Mit dem "Wir haben es satt"-Bündnis, das am Samstag zur alljährlichen Großdemonstration für eine nachhaltige Agrarpolitik aufruft, verbindet die "Freien Bauern" zwar die Ablehnung "eines hemmungslosen Freihandels", ansonsten dominieren aber Vorbehalte gegen die beteiligten Umweltverbände und Klimaschutz-Initiativen.
Demo für umweltverträgliche Agrarwende
Mit "Gutes Essen braucht Zukunft - für eine gentechnikfreie, bäuerliche und umweltverträgliche Landwirtschaft" ist in diesem Jahr der Aufruf zur "Wir haben es satt"-Demo überschrieben. Bauern und Verbraucher und Umweltbewegte gehen hier gemeinsam auf die Straße.
Rund 10.000 Menschen waren es nach Angaben des beteiligten Bund für Umwelt und Naturschutz Deutschland (BUND) im vergangenen Jahr. Die Landwirtschaftspolitik ist aus ihrer Sicht nicht erst seit dem Amtsantritt der Ampel-Regierung verfehlt, sondern schon seit Jahrzehnten.
Bündnis fordert krisenfestes Ernährungssystem
Eine ökologischere und bäuerliche Landwirtschaft ist die Basis für ein umweltverträgliches und krisenfestes Ernährungssystem, das alle Menschen sicher mit gesunden Lebensmitteln versorgen kann.
Doch lässt die Bundesregierung Bäuerinnen und Bauern in der Krise allein. Sie können nicht mehr Umwelt- und Tierschutz stemmen, solange diese weder vom Markt, noch von der Politik angemessen honoriert wird.
Aus dem Aufruf zur "Wir haben es satt"-Demonstration am 20. Januar 2024
Zum Trägerkreis der Demonstration gehören Organisationen wie die Arbeitsgemeinschaft Bäuerliche Landwirtschaft (ABL), der Naturschutzbund Deutschland (NABU), Greenpeace, Brot für die Welt und Fridays for Future, aber auch Firmen wie Alnatura und Rapunzel Naturkost sowie der Anbauverband Demeter, die zahlreichen Bioläden beliefern.
Sechs-Punkte-Plan für faire Preise und gerechte Transformation
Die ABL hat einen Sechs-Punkte-Plan "für wirtschaftliche Planbarkeit, faire Preise und eine gerechte Transformation" vorgelegt.
Darin findet sich unter anderem der Vorschlag, den Grunderwerbsteuersatz "für Akteure mit stark überdurchschnittlichem Landbesitz" zu erhöhen, um das Höfesterben durch solche Konzentrationsprozesse zu stoppen und "jungen Bäuerinnen und Bauern die Existenzgründung in der Landwirtschaft zu erleichtern".

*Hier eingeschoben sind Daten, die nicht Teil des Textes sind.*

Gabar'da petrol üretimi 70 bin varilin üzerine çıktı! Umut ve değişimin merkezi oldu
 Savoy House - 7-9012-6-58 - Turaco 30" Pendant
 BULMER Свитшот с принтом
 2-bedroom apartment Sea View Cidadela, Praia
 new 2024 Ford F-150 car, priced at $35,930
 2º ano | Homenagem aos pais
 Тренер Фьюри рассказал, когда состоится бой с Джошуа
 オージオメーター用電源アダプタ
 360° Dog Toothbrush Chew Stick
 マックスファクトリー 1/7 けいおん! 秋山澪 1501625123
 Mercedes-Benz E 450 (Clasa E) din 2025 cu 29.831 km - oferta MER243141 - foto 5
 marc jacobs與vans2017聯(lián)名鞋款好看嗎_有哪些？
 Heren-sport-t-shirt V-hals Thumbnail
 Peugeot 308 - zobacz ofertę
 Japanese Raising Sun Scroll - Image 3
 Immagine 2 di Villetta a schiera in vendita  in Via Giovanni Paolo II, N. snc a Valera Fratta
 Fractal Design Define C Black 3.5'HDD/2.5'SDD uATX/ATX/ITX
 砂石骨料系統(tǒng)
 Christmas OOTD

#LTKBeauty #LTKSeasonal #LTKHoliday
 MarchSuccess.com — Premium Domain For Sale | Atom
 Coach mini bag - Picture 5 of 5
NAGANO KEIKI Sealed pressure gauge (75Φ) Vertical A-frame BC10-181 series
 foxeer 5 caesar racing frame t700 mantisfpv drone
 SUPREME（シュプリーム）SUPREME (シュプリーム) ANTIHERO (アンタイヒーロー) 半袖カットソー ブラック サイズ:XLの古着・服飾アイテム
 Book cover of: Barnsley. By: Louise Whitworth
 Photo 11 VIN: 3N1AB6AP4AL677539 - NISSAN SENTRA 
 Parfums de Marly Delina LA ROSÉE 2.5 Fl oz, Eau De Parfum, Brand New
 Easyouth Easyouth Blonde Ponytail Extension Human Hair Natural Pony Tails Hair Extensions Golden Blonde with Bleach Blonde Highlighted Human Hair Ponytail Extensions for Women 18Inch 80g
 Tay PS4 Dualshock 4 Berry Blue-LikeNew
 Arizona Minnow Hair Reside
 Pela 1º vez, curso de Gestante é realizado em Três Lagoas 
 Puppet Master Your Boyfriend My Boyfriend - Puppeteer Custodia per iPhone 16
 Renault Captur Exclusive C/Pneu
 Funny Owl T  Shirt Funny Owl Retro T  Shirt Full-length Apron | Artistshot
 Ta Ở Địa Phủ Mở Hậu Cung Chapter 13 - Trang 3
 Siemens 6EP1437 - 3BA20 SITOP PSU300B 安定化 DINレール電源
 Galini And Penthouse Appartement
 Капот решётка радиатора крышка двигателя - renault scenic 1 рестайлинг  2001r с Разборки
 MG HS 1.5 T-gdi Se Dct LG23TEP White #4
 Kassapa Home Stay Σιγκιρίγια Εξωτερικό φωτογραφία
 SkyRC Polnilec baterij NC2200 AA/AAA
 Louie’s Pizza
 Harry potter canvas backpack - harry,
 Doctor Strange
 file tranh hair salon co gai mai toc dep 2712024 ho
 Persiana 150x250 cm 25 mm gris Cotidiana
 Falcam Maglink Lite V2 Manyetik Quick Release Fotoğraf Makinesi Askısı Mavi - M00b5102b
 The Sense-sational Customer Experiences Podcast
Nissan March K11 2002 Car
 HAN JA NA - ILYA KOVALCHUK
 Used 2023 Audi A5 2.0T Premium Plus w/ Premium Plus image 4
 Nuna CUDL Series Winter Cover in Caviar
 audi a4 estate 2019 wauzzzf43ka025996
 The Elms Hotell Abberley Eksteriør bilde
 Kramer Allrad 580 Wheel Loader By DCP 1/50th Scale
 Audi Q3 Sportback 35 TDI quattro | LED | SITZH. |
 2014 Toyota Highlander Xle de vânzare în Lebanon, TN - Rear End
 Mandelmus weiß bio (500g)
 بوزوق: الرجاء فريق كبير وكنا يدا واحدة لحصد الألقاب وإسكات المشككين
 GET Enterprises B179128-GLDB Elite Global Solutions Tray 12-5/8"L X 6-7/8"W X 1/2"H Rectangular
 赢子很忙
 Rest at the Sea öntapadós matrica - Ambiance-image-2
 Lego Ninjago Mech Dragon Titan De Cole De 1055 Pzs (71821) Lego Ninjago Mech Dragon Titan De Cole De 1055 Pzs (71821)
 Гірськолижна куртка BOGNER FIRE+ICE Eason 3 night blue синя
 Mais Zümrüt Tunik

Tierrechtsorganisation Peta ruft zu veganem Block auf
Anders als die "Freien Bauern" befürwortet die ABL auch eine sogenannte Tierwohlabgabe auf Fleisch nach den Vorschlägen des Kompetenznetzwerks Nutztierhaltung (der sogenannten Borchert-Kommission) "um den Umbau der Tierhaltung endlich angemessen zu finanzieren".
Bundesagrarminister Cem Özdemir (Grüne) hat diesen Vorschlag der inzwischen aufgelösten Kommission gerade wieder aufgegriffen.
In diesem Punkt sind sich aber auch auf der "Wir haben es satt"-Demo nicht alle Beteiligten einig: Auch die Tierrechtsorganisation Peta wird hier vertreten sein, sie ruft aber zu einem veganen Block auf, weil sie Tierwohl und den Konsum von tierischen Produkten grundsätzlich für unvereinbar hält.